Nawiasem mówiąc, śpiewają swoje - doskonałe zresztą piosenki po angielsku. Zapewne można doszukiwać się w nich różnych inspiracji, ale to nie powód, aby wiązać ich twórczość z Burami, czy kimkolwiek innym.
Jak to się mówi, w pierwszym wpisie trochę "popłynąłeś" ;)
Btw. wersja z lektorem (z TVP Kultura), istna katorga.
Oj tak, oj tak. Nie będę wchodził w szczegóły, ale pewien płyn rodem z Tennessee miał w tym poważny udział.
"płyn rodem z Tennessee" - już się rozmarzyłem. ;-)
W moim odczuciu muzyka nie jest dopasowana do filmu.

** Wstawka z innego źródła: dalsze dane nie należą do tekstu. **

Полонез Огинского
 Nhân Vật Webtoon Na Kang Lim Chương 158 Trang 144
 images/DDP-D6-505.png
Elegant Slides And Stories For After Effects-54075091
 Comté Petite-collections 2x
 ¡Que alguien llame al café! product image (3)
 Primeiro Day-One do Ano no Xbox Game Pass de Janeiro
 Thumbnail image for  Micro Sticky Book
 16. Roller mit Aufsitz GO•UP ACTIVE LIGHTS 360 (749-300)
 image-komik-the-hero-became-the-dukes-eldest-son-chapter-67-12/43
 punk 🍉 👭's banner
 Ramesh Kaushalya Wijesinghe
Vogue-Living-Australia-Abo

A ten - niezły, ale nieszczególny.
Pozdrawiam.
Z tego wynika, że choć częściowo, mamy jednak wspólne upodobania.
Też pozdrawiam.
Mennonici od XVI wieku żyli na terenach Żuław wiślanych ,przybyli do Polski znanej z tolerancji z terenów Holandii , gdzie byli prześladowani jako sekta protestancka . Jako lud znający się wybitnie na melioracji mają duży wkład w wykorzystaniu terenów bagiennych pod rolnictwo , również działali na terenie całej Polski usługowo ,jako " olędrzy ". Po rozbiorach spora część wyemigrowała z Polski , m. in . do Ameryki ... Język ,odmiana holenderskiego , ma wiele wspólnego z niemieckim gdyż mennonici łatwiej ulegali germanizacji , niż spolszczeniu . Nie wiem ,czy wszyscy wywodzą się z terenów Żuław , ale na pewno spory procent . Po 2 wojnie zostali wysiedleni jako Niemcy ,pozostały po nich urządzenia hydrotechniczne oraz zabytki architektury ,niestety większość z drewna ,oraz cmentarze ... Mam nadzieję , że nie zanudziłem ... A film uważam , że był dość ciekawy , muzyka niby indiańska również , choć nie wiem , jaki konkretnie miała związek z fabułą ...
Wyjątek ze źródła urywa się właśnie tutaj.